Driving down I-81 in the vicinity of Wytheville recently, a coyote bounded down the interstate embankment, crossed the first lane of southbound traffic, then came to a screeching halt in the hammer lane, where I was passing somebody at about 75 mph.

A good set of ABS brakes applied in a panic stop is all that saved my grille from destruction and the coyote from becoming sausage. He took the time to look at me through the windshield – he was now only 20 feet or so away – then seemed to say: "Oops. They must have built an interstate since I was through here last."

My belief is that, had it not been almost October, I would not have been able to watch an elusive coyote – and a well-fed one at that – just a few feet in front of me.

What I did not do is jump out of the car, scramble around to the trunk and uncase the scoped .22-caliber Magnum that I bought just for coyotes. Chalk it up to the magnanimous and "perfect days" frame of reference that October brings to the outdoors.

Sassy the Wonder Dog and I took a walk this morning along the North Fork of the Holston River. The Holston flows some 50 yards past the front porch of my home place. Today, the river is October clear, October shallow. It is almost surely the most beautiful it has been all year.

This time of year, yellow walnut leaves and brown sycamore leaves slowly mingle on their trip downstream. Blue skies and white clouds are reflected in the river’s surface.

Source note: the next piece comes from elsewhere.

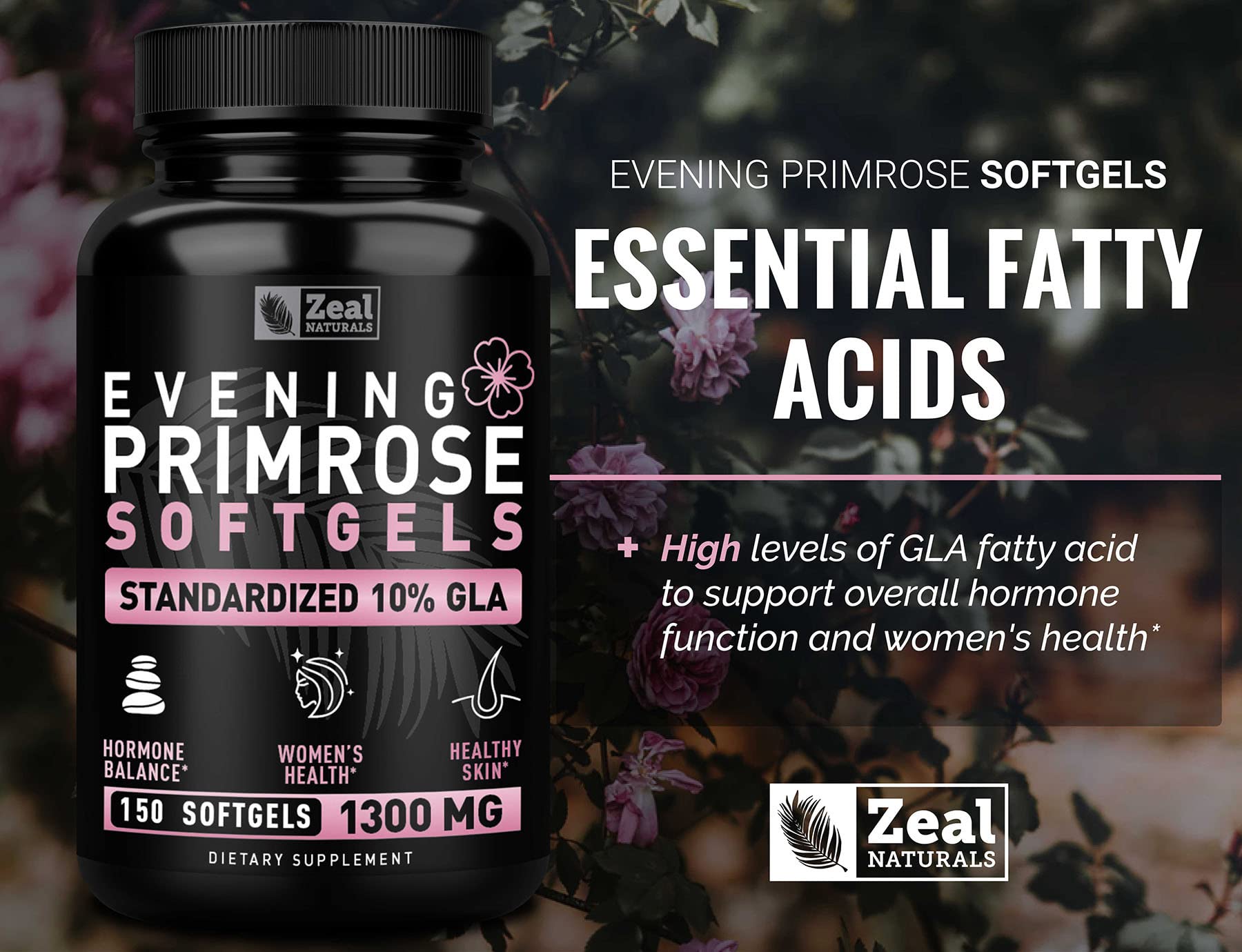 Evening Primrose Oil Capsules (150 Liquid Softgels | 1300mg) Premium Evening Primrose Oil – Natural - AB Mystery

I don’t know if I’ll be able to slide my Pungo fishing kayak through some of the low-water riffles below Weber City or not. But I intend to try. From Mother’s porch, I can see some nice smallmouth bass working the rock ledges. And just after dawn, I watched half a dozen half-grown river otters frolic and chase each other into and out of the river alongside the bank.

You can do these things in October, now that summer has loosed its sweaty grip on the land.

For all I know, disagreeing with a poet could bring bad luck.

But not, I think, until November when all that is unique and precious will have moved on as the first taste of winter bears down.